The useful agent pattern is not “generate code and trust it”. The useful pattern is “generate code, run deterministic checks, feed precise findings back into the next edit”. Duplicate-code detection fits that loop well because the finding is concrete: these files contain repeated source fragments.

The implementation approach

The hot path is intentionally straightforward:

parse CLI/config into normalized options;
discover files with Rust ignore and glob handling;
tokenize into compact native token maps;
shard by format and run preparation/detection in parallel;
compare numeric token hashes;
write native reports and apply upstream-style exit-code behavior.

For JavaScript and TypeScript, token processing is backed by Oxc. For long-tail formats, the project starts with a synchronized format registry and generic native tokenization, then promotes formats only when real compatibility data shows that generic tokenization is not enough.

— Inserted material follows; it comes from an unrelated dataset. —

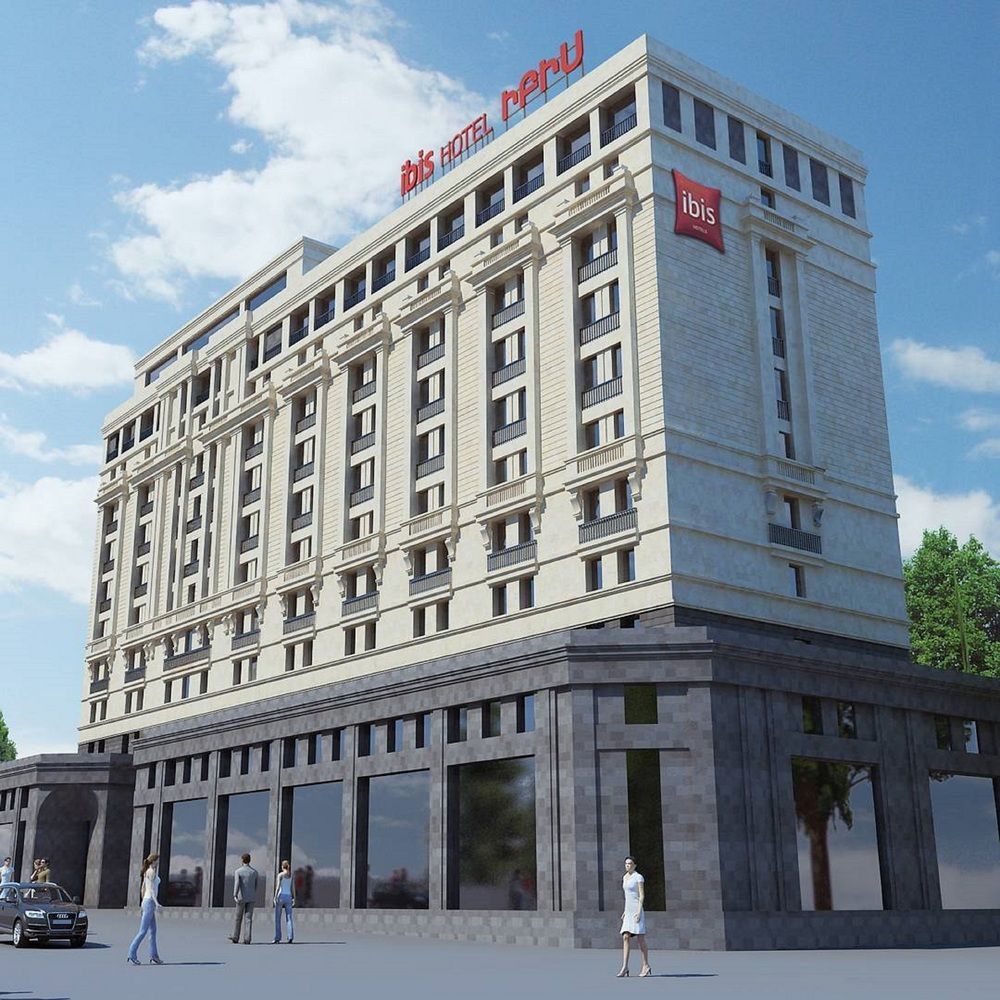ibis Yerevan Center Buitenkant foto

That keeps the project maintainable. The point is not to write the maximum amount of Rust. The point is to keep the product fast, native, and practical without rebuilding mature infrastructure unnecessarily.

Try it

With npm:

npx jscpd-rs --threshold 5 --exitCode 1 .

With Cargo:

cargo install jscpd-rs --locked
jscpd --threshold 5 --exitCode 1 .

Links:

Repository: https://github.com/vv-bogdanov/jscpd-rs
npm: https://www.npmjs.com/package/jscpd-rs
crates.io: https://crates.io/crates/jscpd-rs
docs.rs: https://docs.rs/jscpd-rs

The feedback I care about most:

repositories where jscpd-rs misses duplicated lines found by upstream jscpd;
noisy extra findings that make reports less useful;
install friction on supported npm platforms;
public benchmark cases that represent real large repositories;
workflows where agents or humans need better deduplication output.

Duplicate code was already a human problem. Agents make it easier to create at scale. The answer is not to slow down development. The answer is to make the guardrails fast enough to keep up.